A priest of the diocese, reflecting on the Feast of Pentecost, recalled a poem he once read, the poet noting that the oceans are vast and thinking that boats should then be able to travel in any direction, when, in fact, there is a direction each boat must follow. And noting also that the sky is vast, and thinking that planes can then travel freely in any direction, but they too have a route to follow. In the same way, we think we are free, but we also are moved, unknowingly, in most cases, in certain directions by our habits and life patterns.
Although he does not know the reason many of us live with our hearts closed off to this truth--suggesting that it might be because of emotional scars, fears, pain, anger or spite--he names it the chaos before God's creation. God's Spirit, when accepted, changes all of this. The direction that is mapped out for us by the Spirit brings joy into our lives. To achieve this, we have to break the unhealthy patterns and habits we have nurtured over a life time and now determine how we live.

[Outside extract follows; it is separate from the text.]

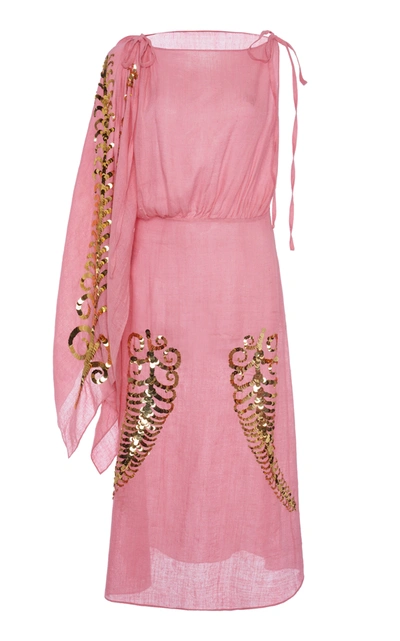Shop Prada Sequin-embellished Silk-georgette Midi Dress In Pink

The Christians meeting together on that first Pentecost had been washed and tried in a baptism that they never expected--they died with Jesus. All their dreams, plans and beliefs disappeared. It was not what they expected; they felt lost and demoralized, and showed it by their actions, until the emptiness was filled with the Spriit.
The Catholic Times editorial for Pentecost tells us we have to change. There are divisions we see developing in Korea between the young and the old and between different social levels. If this unnecessary and divisive thinking is not to harm society, we need to empty ourselves so our prejudices, even our stubbornness, do not prevent us from hearing the Spirit. We have to fight against greed, and especially against the manipulations of society when they don't benefit all of its citizens. Unless we make an effort not to be compromised in any way, the Spirit will not find a welcoming home in our hearts.